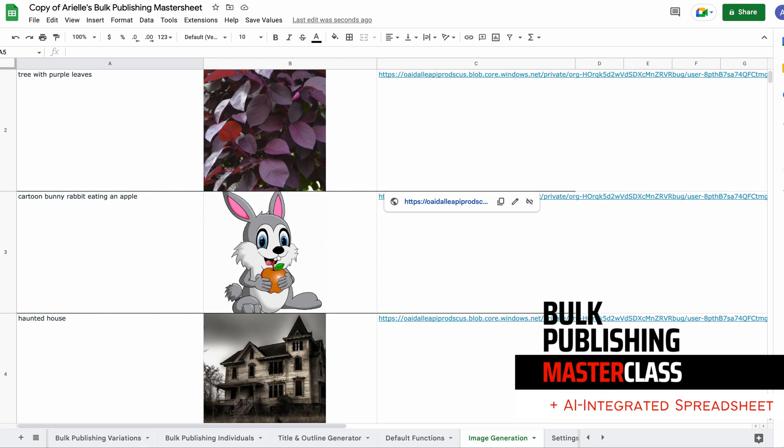We have now added image generation to the bulk publishing spreadsheet. Do you know what this means? This means that we can generate images while we generate all of our blog posts, so unique images for every single blog post.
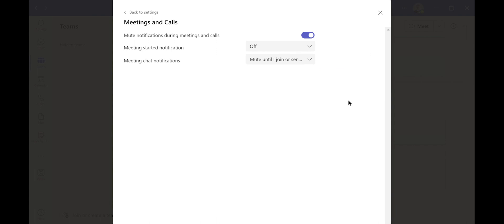On the right-hand side, it says Mute Notifications during Meetings and Calls. Check that to the right so that it turns green, which turns that feature on. That means during calls and meetings, you won't get the pop-ups.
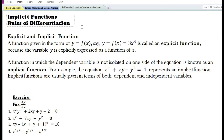In this video, we are going to find the derivative of an implicit function. However, before doing so, let us first look at the meaning of an explicit and implicit function.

-=-=-=-=-

* [PROBLEM TO SOLVE]:
Except for the pictures, print the data above exactly.

* [EXERCISE ANSWER]:
We have now added image generation to the bulk publishing spreadsheet. Do you know what this means? This means that we can generate images while we generate all of our blog posts, so unique images for every single blog post.
On the right-hand side, it says Mute Notifications during Meetings and Calls. Check that to the right so that it turns green, which turns that feature on. That means during calls and meetings, you won't get the pop-ups.
In this video, we are going to find the derivative of an implicit function. However, before doing so, let us first look at the meaning of an explicit and implicit function.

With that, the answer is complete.